The second challenge is that although most companies have vast amounts of data available, typically very little of that data is labeled. That means that data scientists and engineers have to do that manually or find other, automated ways to label data as it is generated. Depending on the task, this can be very time consuming and challenging. For instance, in the case of prediction, the time delay between the prediction and the actual outcome becoming known can be quite significant, complicating the labeling efforts.
Third, in many cases, the ratio between different classes of activities is amazingly large. For instance, in the case of preventive maintenance applications, machines may perform without issues for months or years on end before reaching a state where they fail. This means that the data for the training set is highly unbalanced. Naively training with this data may easily cause a situation where the system never indicates an upcoming maintenance issue, having an accuracy in the high 99 percent range as most of the time it doesn’t require preventive maintenance.
The unbalanced training sets, of course, need to be balanced by humans for training purposes but this leads to the fourth challenge, training/serving skew. Due to the large amount of manual work data scientists and engineers put in the data sets, among other things, a relevant gap can easily emerge between model performance in training and in operation. Some companies use A/B testing as a mechanism to avoid underperforming models receiving too much traffic but that’s not always feasible.
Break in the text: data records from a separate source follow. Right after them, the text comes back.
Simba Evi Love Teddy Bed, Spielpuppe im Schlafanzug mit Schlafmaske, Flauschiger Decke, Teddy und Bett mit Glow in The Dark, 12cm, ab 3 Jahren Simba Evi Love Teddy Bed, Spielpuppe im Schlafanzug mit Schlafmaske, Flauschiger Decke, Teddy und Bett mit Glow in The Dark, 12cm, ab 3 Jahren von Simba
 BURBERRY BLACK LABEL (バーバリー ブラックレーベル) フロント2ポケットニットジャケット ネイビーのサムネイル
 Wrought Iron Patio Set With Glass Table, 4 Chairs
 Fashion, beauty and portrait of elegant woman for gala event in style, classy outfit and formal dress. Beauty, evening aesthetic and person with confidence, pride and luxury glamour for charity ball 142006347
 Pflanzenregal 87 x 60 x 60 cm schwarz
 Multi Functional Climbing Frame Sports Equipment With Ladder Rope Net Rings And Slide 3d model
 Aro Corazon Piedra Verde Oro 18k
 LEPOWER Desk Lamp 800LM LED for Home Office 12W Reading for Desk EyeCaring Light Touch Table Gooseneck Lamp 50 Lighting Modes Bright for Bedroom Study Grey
Finally, data pipelines have traditionally been treated with much less mature engineering than code pipelines. This leads to a frequent occurrence of data sources not being updated or providing data with different semantics. The most dangerous case of this is when the engineers have inserted defensive mechanisms in the data pipeline, serving the model with stale data under the assumption that any data stream-related issues are temporary. If a part of the pipeline then permanently breaks, the model may underperform or not perform at all but it may still take a long time for this to surface.
To address these issues, the concept of DataOps is adopted in the research and industry communities. The notion is to automate, instrument and maintain the data pipeline for analytics and ML/DL. There even is a manifesto with 18 principles!
Concluding, with many companies increasingly depending on data, analytics and AI, the quality of the data and the stability of data pipelines is of increasing importance. DataOps may well be a key for achieving what we refer to as operational AI. Make sure you give your data the attention it deserves!